In these cases, it is observed that sealed-bid auctions
tend to give higher revenue than dynamic auctions.
Why do you think this is the case?
Common value auctions
The auction may be used as a means of gathering information from other participants to triangulate a price
Answer: In a dynamic auction, a bidder can use the bids of others as additional signals of the correct valuation.
If bids so far seem high, my initial estimate must be low, and vice versa, so I can adjust my personal estimate.
Hence estimates converge.
In a static auction, there is no convergence of estimates, so it is more likely that some bidders keep unusually high estimates.
As a result, there is a higher chance that the winner ends up paying more than the correct valuation.
This is known as the winner's curse.
Equivalence of revenues
It is observed in practice that first-price auctions lead to higher revenue than second-price auctions.
This violates the equivalence of revenues, so an assumption in our analysis fails consistently.
What do you think it is?
Equivalence of revenues
Answer:Risk aversion. People prefer lower uncertainty games, even if this means lower expected profits.
Would you rather win a million dollars with a 50% chance, or 300 thousand with a 90% chance?

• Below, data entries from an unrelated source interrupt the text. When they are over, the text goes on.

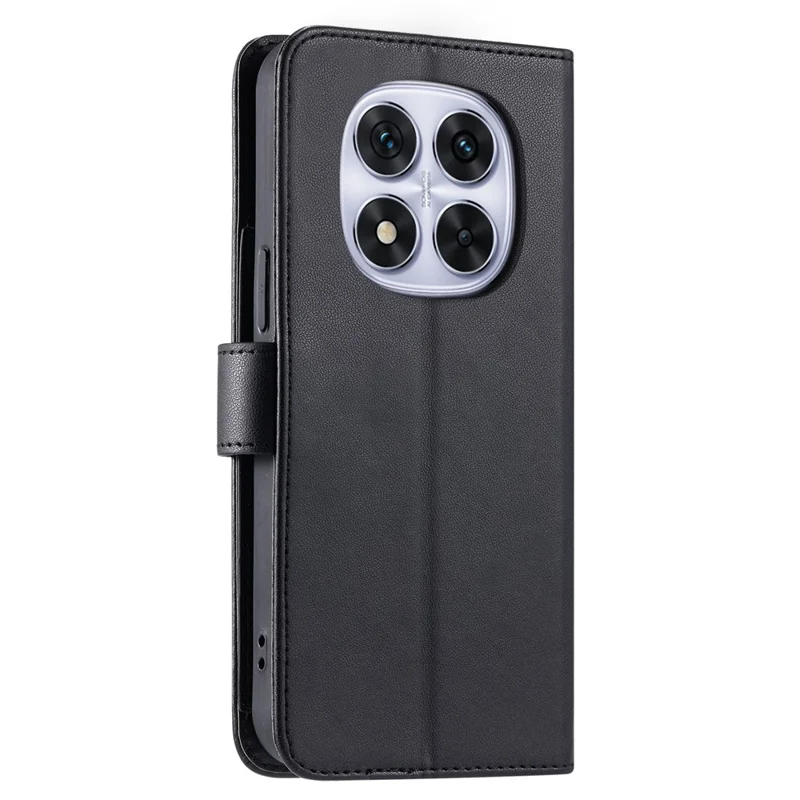 For Xiaomi Redmi Note 14 Pro 4G Case Ring Buckle Wallet Stand Rhombus Crossbody Leather Mobile Cover - Black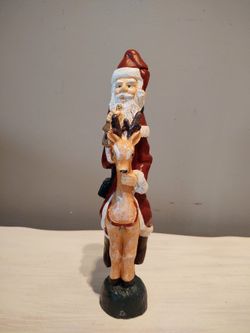 Vintage Old World Santa Candlestick
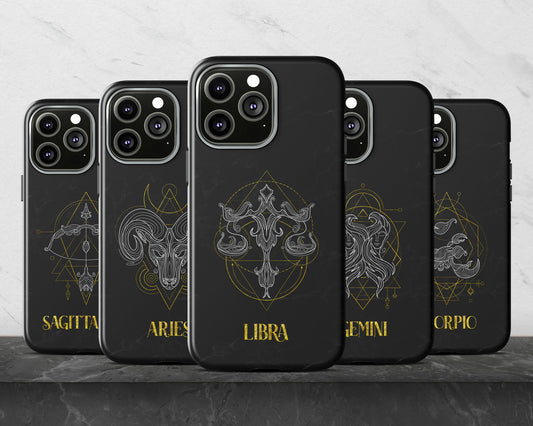 Zodiac sign golden line art black marbles iPhone case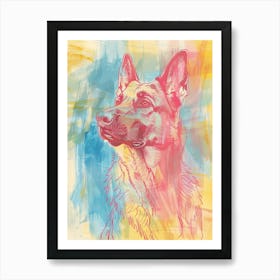 German Shepherd Dog Pastel Line Watercolour Illustration  3 Art Print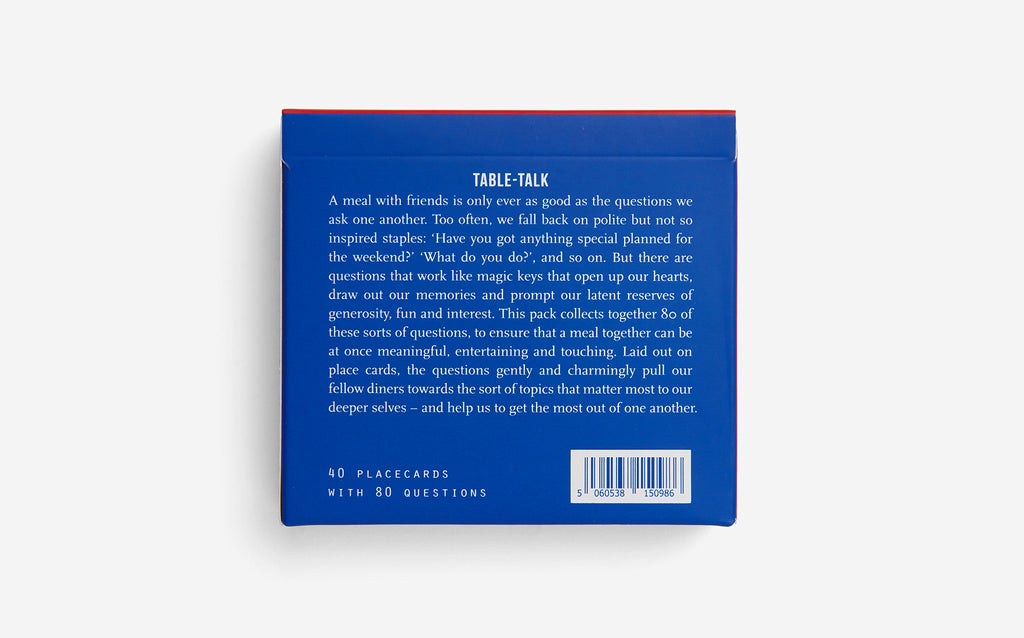 The back of the ultramarine blue packaging box is the blurb of 'Table-talk' in white text.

In Nash equilibrium analysis for first-price auctions, we claimed that if Bob bids half his valuation, then Alice should bid half hers, so each wins 50% of time.
But we implicitly assumed that Alice is risk neutral.
Yet she might prefer to bid more and win more often.
Front Running
Computer systems may have front runners: special nodes can see an incoming bid, react by creating their own bid, and make it look like their bid was created first.
If you run an auction on a system with front runners, which of the four auctions would you use?
Why?
Front Running
Answer: Meet front runner Fred.
In a Dutch auction, if Fred is a bidder he waits for first bidder to signal accepting the price, and Fred makes the signal first.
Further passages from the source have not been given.